Como podemos convencer os consumidores a escolher produtos que apresentam sinais de desgaste em comparação com produtos novos? Enquanto algumas pessoas procuram produtos sustentáveis e estão dispostas a pagar mais por eles, nosso estudo deixou claro que a maioria dos consumidores não tem tal disposição. Algumas pesquisas mostram que destacar os aspectos sustentáveis de um produto pode até reduzir a demanda.
Investigamos formas de tornar os produtos reciclados desejáveis para um mercado mais amplo. Nossa principal percepção foi que pode ser benéfico explorar a afinidade humana com a narrativa.

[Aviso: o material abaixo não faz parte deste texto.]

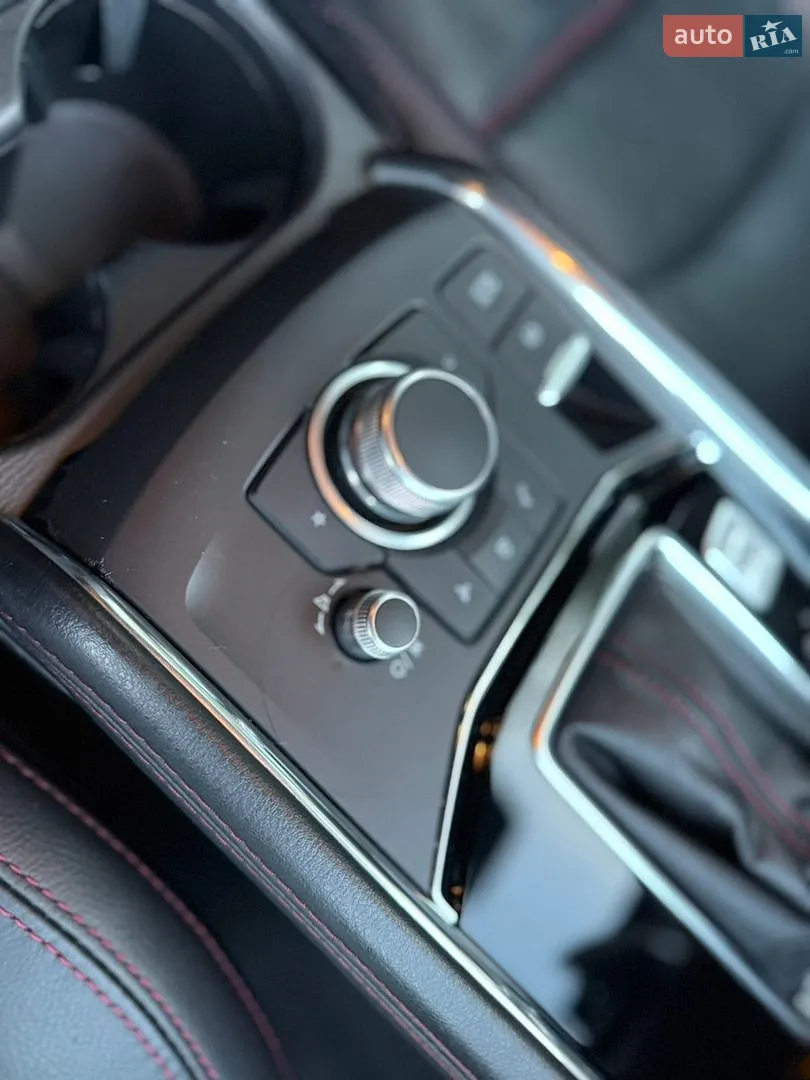 2021 Mazda CX-5 - мініатюра 41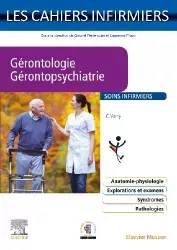 Gérontologie - Gérontopsychiatrie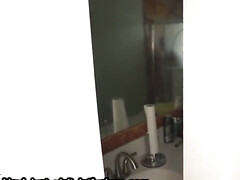 Grosse bite, Gros seins, Blonde, Tir de sperme, Queue, Hard, Maman, Fils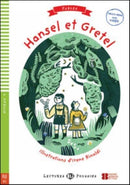 Young ELI Readers - Fables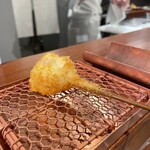 串かつ だいぼん - 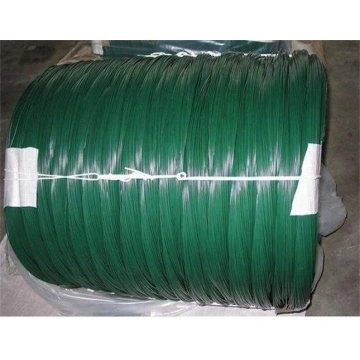 Top 10 Big Coil Pvc Coated Wire Manufacturers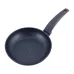 Сковорода Kamille Black marble d-28 см із антипригарним покриттям 4123 KAM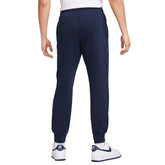 Pantaloni Jogger Uomo Nike Club Blu | NonSoloSport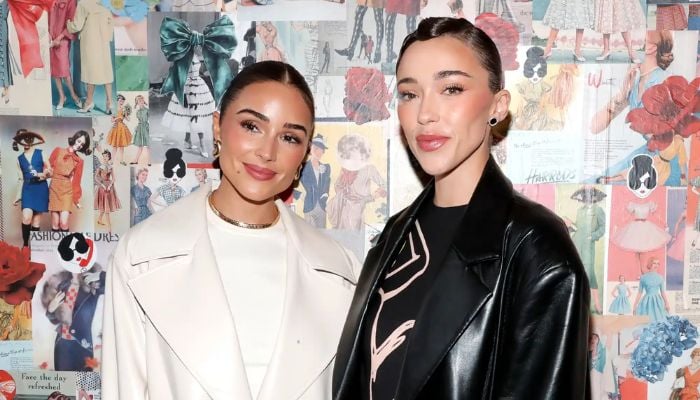 Sophia Culpo gushes over sister Olivias baby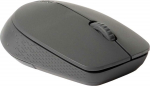 Rapoo M100 Silent Dark Grey Multi-Mode Wireless Mouse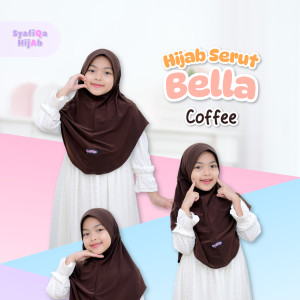PO BELLA HIJAB SERUT BY SYAFIQA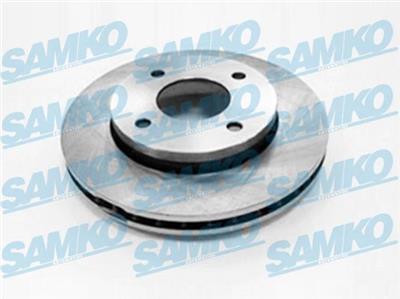 SAMKO M2026V Číslo výrobce: M2026V. EAN: 8032928035934.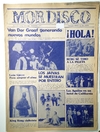 Mordisco - N°6 - 1977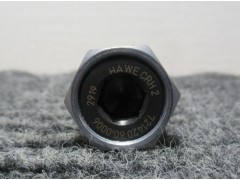 HAWE哈威單向閥CRH2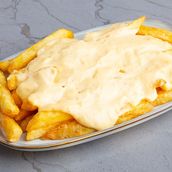 Cheesy Fries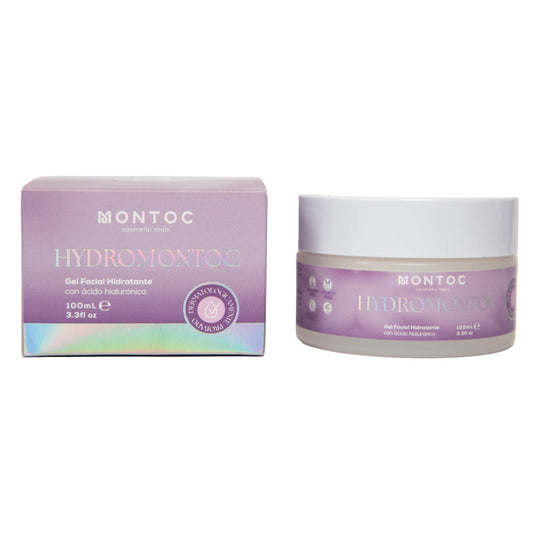 GEL HIDRATANTE MONTOC 100 ML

Consumidores transformando-se em contadores de histórias
Histórias são uma ótima maneira de incutir informações com significado, e as pessoas as buscam onde quer que possam encontrá-las. Marqueteiros estão cientes disso há tempos. Mas a prática predominante é criar histórias que colocam a marca no centro do palco para evocar sensações ligadas a ela.

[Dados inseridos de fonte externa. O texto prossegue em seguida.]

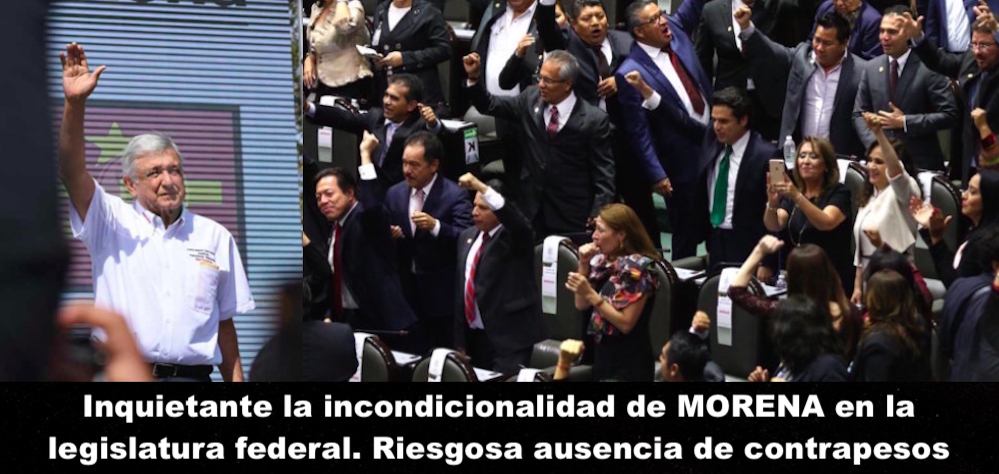 Fuerte hedor fascista Fuerte hedor fascista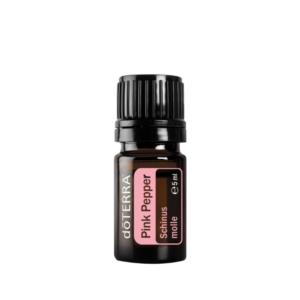Pink Pepper 5 ml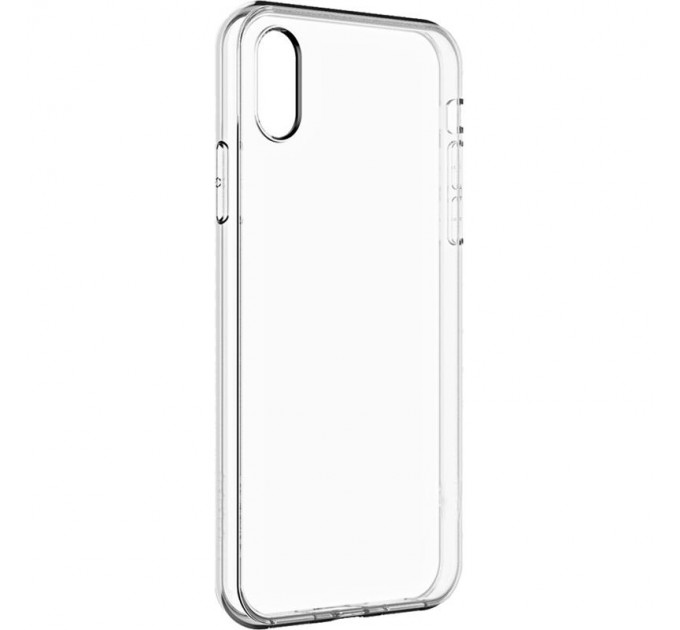 BeCover Чeхол-накладка BeCover Space Case для Xiaomi Redmi 9A/9i/9AT/9A Sport Transparancy (707809)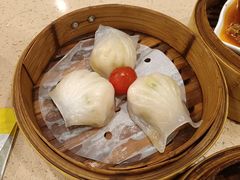 招牌虾饺皇-点都德(中海环宇荟店)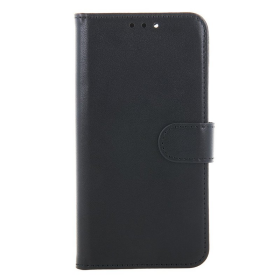 anco Basic Bookcase für Samsung Galaxy A37 5G - black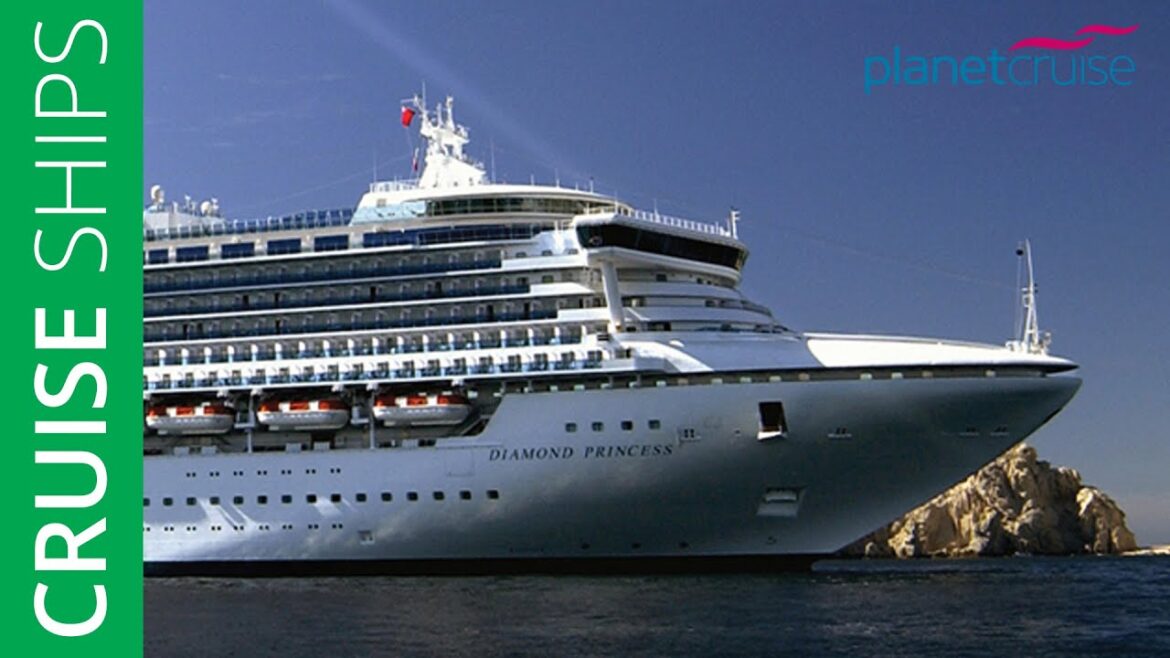 Explore Diamond Princess, Princess Cruises | Planet Cruise Explore Diamond Princess, Princess Cruises | Planet Cruise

Se quisermos que as pessoas entendam que um produto reciclado é especial, o produto em si deve ser o ator principal. Porém contar uma longa história sobre todas as etapas pelas quais um item reusado passou pode valer para produtos raros e de alto valor, mas é impraticável e inviável em escala. Decidimos então capitalizar uma característica pouco reconhecida da mente humana em relação a narrativas: temos a capacidade de inferir e autocompletar histórias, mesmo que só possamos utilizar fragmentos individuais de informação. Basta pensar na pouca quantidade de informações necessárias para que as pessoas façam especulações sobre fofocas suculentas ou formem opinião sobre algo ou alguém.
Essa capacidade humana dá origem a um mecanismo muito prático: a narrativa mínima, que se baseia na natureza cronológica das histórias. A premissa-chave é que as pessoas são capazes de deduzir uma história desde que saibam pelo menos dois episódios sequenciais dela: um antes e um depois. Esse mecanismo de narração é pouco conhecido e raramente é usado quando as empresas decidem suas estratégias para contar histórias. No entanto, descobrimos que ele é muito apropriado no contexto de produtos reorientados que têm uma história de vida.
Testando a narrativa mínima
De acordo com o princípio da narrativa mínima, quando elaboramos nosso experimento criamos pistas muito simples para as histórias de transformação dos nossos produtos reciclados: elas simplesmente mostraram ou mencionaram o que um produto costumava ser e no que ele se transformou. Mencionamos apenas essas duas informações sobre os produtos e deixamos aos consumidores a tarefa de encaixá-las em uma única história.
Fizemos vários estudos para testar se essa técnica de narrativa mínima seria capaz de elevar o apelo dos produtos reciclados. Por exemplo, testamos duas mensagens promocionais diferentes em uma loja pop-up real. Em uma mensagem, enfatizamos o benefício (“Eu sou uma carteira da moda”, por exemplo) que as pessoas supostamente queriam do produto. Na outra mensagem, usamos a história de vida do produto e destacamos sua identidade passada (“Eu era um pneu de bicicleta”, por exemplo). O uso da história de vida mudou tudo. Quando as pessoas viram a informação sobre a identidade passada do produto, o número de compras triplicou e as receitas quadruplicaram. Encontramos efeitos similares ao realizar campanhas de mídia social no mundo real, nas quais testamos duas abordagens: simplesmente mostrar o produto redirecionado e declarar o que é agora ou contar o que o produto tinha sido.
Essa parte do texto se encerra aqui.